2016年12月26日「月曜日」更新の日記

2016-12-26の日記のIMAGE
何故金銭債権からの回収に関することについて,説明をしておかなければならない。債権者取消権・否認権の対象は広汎であるが,一人の債務者について複数の債権者が存在し,その内の或る債権者の行った広い意味での金銭債権の回収行動(後述する)に対して,他の債権者が債権者取消権を行使する場面を中心に検討する。このような場面として例えば次のようなものを念頭に置くことができる。AはBに対して甲債権を有するが,Bは他にも債権者Cから融資を受けており,債務超過に陥っていた。ところがBはCに弁済(偏頗弁済と呼ばれる)をしたため,Aはこれを詐害行為として取り消したという場合である。このときCからBに回復されるべき金銭から取消債第権者Aが満足を得るならば,それはAの一種の債権回収であり,例えばBがCに対して乙債権を有している場合にこれに対してAが甲債権に基づいて債権執行をかけた場面と類似する。

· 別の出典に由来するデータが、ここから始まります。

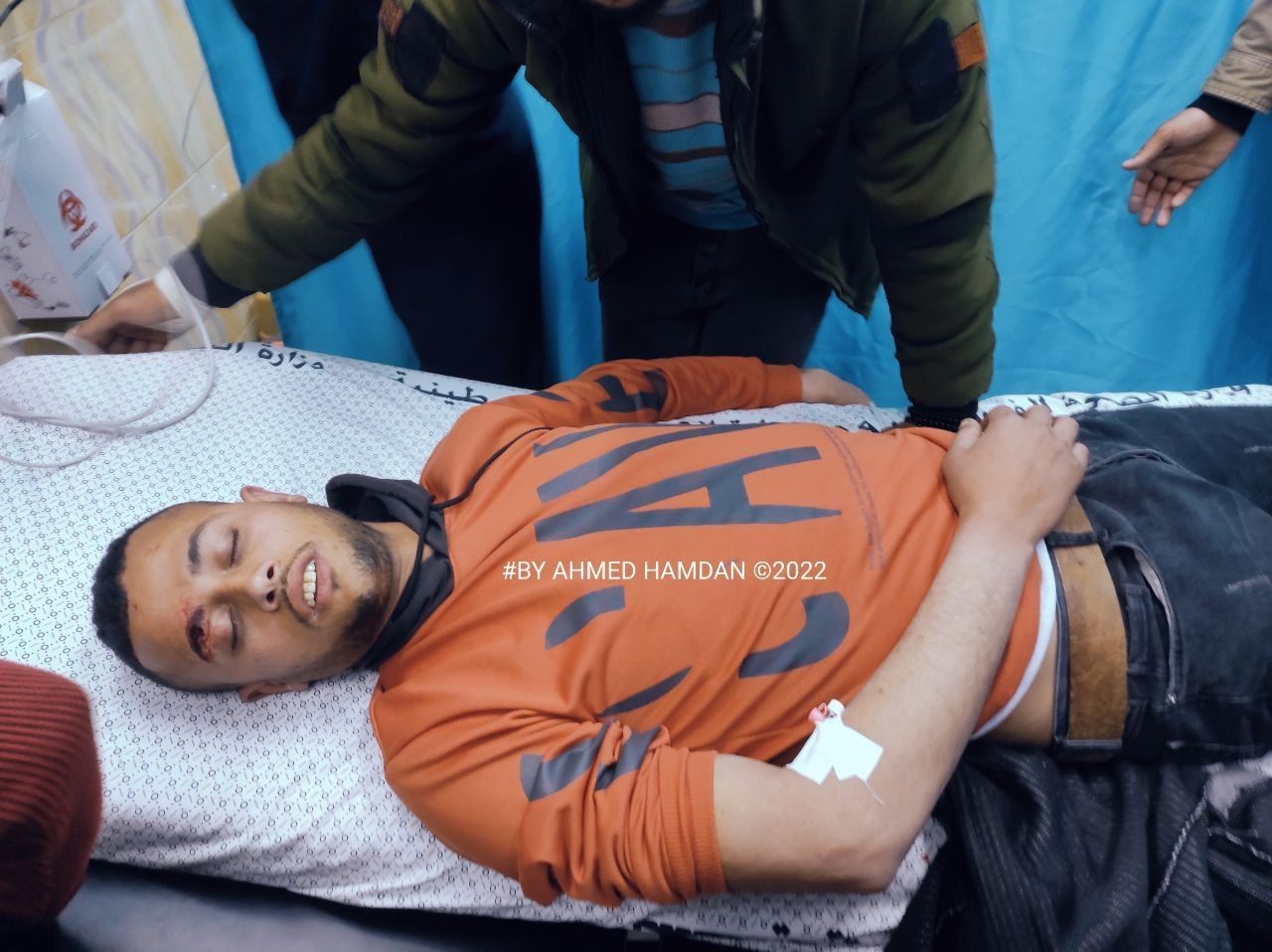 صورة لاحد المصابين في مستشفى بيت حانون بعد سقوط صاروخ بالقرب من السياج.jpg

注意すべきことは,この場合には,債権者取消訴訟が,無資力に陥っている債務者BをめぐるAとCとの間の債権者対債権者の争いとなるということである。この類型の債権者取消権に特殊な考慮が必要なことは早くから指摘されてきたが,以下ではこの場面に検討を限定する。まず,特にこの場合について,取消債権者に事実上の優先弁済を容認している判例法理を取り上げ,その是非の検討を通じて債権回収の秩序をどう構想するかについて考察する(1)。また,個別債権者の債権者取消権の行使は,倒産手続開始後は管財人等による否認権の行使に吸収されるが,この両制度の関係をどのように考えるかは,手続諸段階を通じた実体法の変容の観点からの好個の素材の一つとなる。上記の偏頗弁済の事案は,近時の債権者取消権の要件論と,故意否認の要件論の展開にとって,重要な役割を果たしており,平時実体法における倒産的考慮の必要性を示唆するものとなっている(Ⅱ)。最後に,私的整理の場面では,債権者取消権が簡易な倒産手続の枠組みとして機能していることが早くから指摘されてきた。この場面の分析から,債権者取消権をめぐる平等主義と優先主義との対立についての新しい視角を提示する(Ⅲ)。